Numerical simulation of the combustion of hydrogen–air mixture in micro-scaled chambers Part II: CFD analysis for a micro-combustor

Understanding of the flow dynamics, chemical kinetics and heat transfer mechanism within micro-combustors is essential for the development of combustion-based power MEMS devices. In Part I, CFD based numerical simulation has been proven to be an effective approach to analyse the performance of the micro-combustor under various conditions. In this paper, numerical simulations are performed to analyse the combustion behaviour in a three-dimensional micro-combustor based on the prototype used in the MIT micro-gas turbine engine. The CFD model of the micro-combustor includes fuel/air flow path, combustion chamber as well as solid walls used to construct the combustor. The simulation analysis includes not only the detailed chemical reactions occurred in the combustion chamber, but also the fluid flow dynamics, heat transfer within the combustor and heat loss to the ambient.
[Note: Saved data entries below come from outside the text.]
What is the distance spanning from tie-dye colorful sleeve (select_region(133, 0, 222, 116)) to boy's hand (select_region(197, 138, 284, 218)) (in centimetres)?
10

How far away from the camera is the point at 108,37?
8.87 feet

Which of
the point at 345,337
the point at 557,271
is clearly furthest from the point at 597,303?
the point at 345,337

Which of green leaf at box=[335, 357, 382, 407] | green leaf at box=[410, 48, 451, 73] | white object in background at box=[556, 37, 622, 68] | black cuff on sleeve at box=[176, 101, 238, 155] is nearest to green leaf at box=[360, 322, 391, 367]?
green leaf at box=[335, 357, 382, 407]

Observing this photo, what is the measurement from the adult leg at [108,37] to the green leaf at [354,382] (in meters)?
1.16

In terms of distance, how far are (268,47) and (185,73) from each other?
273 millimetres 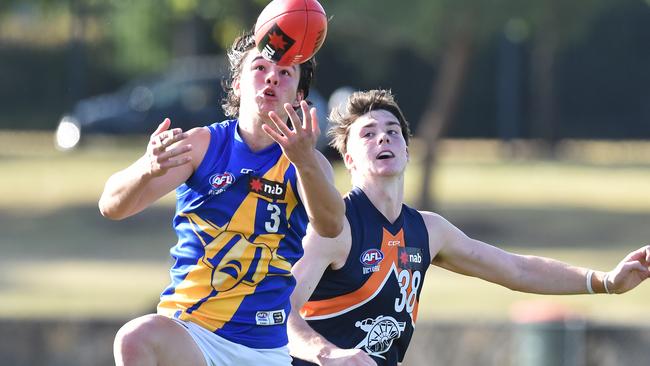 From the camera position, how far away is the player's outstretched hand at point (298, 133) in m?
4.94

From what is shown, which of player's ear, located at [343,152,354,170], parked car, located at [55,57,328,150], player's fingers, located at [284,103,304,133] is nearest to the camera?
player's fingers, located at [284,103,304,133]

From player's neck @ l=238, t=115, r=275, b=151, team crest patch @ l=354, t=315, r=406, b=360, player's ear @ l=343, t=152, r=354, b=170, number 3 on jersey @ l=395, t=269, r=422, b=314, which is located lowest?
team crest patch @ l=354, t=315, r=406, b=360

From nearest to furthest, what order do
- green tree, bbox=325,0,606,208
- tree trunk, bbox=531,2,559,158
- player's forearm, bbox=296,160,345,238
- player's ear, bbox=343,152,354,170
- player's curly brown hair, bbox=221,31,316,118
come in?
player's forearm, bbox=296,160,345,238
player's curly brown hair, bbox=221,31,316,118
player's ear, bbox=343,152,354,170
green tree, bbox=325,0,606,208
tree trunk, bbox=531,2,559,158

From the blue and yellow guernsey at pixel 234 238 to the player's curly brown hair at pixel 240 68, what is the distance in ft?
1.18

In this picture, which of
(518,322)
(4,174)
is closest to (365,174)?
(518,322)

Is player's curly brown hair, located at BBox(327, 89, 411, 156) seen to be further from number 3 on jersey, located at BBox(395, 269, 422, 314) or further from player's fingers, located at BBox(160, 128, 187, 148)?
player's fingers, located at BBox(160, 128, 187, 148)

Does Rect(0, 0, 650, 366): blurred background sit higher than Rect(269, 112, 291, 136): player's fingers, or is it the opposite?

The performance of the combustor is evaluated under various fuel/air ratio, flow rate and heat loss conditions. Through such systematic numerical analysis, a proper operation space for the micro-combustor is suggested, which may be used as the guideline for micro-combustor design. In addition, the results reported in this paper illustrate that the numerical simulation can be one of the most powerful and beneficial tools for the micro-combustor design, optimisation and performance analysis.